Ada now sends a love letter — a note from her piano with an inscription on it — to George. It was pointed out at the time that, since Baines has told her he cannot read, the inscription is puzzling. But maybe she forgot that he was illiterate (but buff). Maybe, in searching for explanations, we’re guilty of the same mistake as the Maori people watching the stage production of Bluebeard (which seems to be the only activity the white folks pursue) — mistaking fiction for real life.

Alisdair. having extracted a promise from Ada not to betray him anymore (she smiles assent, so we know she’s lying — she NEVER smiles or ingratiates), freaks out and takes an axe to her fingertip (he’s a terrible husband but has uncanny aim). Then, either driven insane or developing telepathic communication of the kind Ada’s long-ago ex had, he hears her thoughts and returns her to George.

Clear enough, surely?

We can, of course, wonder about whether Ada dies at the end (she SAYS, in her voiceover, that her death is only a dream, but can you take a mute’s voiceover’s word for anything?), whether her relationship with her daughter (the amazing Anna Paquin — terrible accent, brilliant performance) will recover, and whether pianos, which are usually made of wood, can be expected to sink. But this all seems to me the same mistake those Maori playgoers were making. To ask for more detail would be to ask for the Book of the Film, which exists, and which looks like a Big Mistake.

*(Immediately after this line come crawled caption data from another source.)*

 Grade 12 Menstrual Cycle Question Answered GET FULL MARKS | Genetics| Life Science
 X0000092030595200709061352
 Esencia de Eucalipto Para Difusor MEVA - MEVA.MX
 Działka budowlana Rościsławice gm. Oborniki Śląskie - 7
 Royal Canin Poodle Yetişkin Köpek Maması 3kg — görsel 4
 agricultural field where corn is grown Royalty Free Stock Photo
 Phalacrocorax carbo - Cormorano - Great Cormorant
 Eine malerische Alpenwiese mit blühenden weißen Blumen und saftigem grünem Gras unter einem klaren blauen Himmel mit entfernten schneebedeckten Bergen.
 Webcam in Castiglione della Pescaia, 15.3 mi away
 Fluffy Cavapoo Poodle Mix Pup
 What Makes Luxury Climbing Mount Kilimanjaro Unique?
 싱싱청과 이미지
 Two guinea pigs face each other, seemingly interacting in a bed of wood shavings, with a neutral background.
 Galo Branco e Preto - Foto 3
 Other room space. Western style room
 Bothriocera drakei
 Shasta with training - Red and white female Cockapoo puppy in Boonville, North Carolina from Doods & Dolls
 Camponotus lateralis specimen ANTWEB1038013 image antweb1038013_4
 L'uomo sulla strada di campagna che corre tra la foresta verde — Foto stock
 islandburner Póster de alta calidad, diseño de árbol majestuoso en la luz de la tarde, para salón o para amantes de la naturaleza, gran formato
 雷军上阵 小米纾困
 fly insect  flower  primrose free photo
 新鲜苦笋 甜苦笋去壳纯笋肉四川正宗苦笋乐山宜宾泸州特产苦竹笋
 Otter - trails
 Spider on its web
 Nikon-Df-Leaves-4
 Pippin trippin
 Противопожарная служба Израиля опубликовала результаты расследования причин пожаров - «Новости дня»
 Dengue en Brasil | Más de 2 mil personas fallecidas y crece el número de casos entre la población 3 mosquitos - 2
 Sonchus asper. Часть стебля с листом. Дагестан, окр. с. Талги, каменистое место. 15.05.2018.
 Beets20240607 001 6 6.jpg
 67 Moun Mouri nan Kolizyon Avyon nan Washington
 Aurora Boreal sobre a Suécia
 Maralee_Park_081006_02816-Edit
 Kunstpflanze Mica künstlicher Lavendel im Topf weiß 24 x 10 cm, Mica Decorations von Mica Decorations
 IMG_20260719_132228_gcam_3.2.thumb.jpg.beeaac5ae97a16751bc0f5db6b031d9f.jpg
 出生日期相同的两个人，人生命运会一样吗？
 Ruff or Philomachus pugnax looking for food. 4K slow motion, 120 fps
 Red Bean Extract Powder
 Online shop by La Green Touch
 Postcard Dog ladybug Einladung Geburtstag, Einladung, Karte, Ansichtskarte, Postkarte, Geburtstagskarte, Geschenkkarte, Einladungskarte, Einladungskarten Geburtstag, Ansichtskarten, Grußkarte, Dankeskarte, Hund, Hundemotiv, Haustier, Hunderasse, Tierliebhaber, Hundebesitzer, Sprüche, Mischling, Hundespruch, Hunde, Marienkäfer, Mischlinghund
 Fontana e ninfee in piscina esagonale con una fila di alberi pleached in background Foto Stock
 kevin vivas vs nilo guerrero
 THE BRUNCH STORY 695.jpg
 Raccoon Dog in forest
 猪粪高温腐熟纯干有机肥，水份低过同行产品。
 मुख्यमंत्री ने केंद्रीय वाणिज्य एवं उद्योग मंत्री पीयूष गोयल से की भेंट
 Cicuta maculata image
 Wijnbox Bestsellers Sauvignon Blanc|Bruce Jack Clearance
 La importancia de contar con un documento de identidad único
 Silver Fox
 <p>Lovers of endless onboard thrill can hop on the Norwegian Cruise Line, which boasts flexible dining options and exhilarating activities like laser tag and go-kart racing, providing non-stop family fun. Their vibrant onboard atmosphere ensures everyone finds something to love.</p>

What I like about the film is that every cut is a surprise, it has, Boormanlike, no fear of seeming ridiculous, and the people are as confusing as real ones but do open up a bit when examined. And it looks and sounds lovely. It does get a bit lost in the second act and, more damagingly, in the third — the axe incident is obviously the emotional climax and the film ought to accelerate to its poetic finish line afterwards, dawdling is dangerous. But when we get there it’s not what we might anticipate.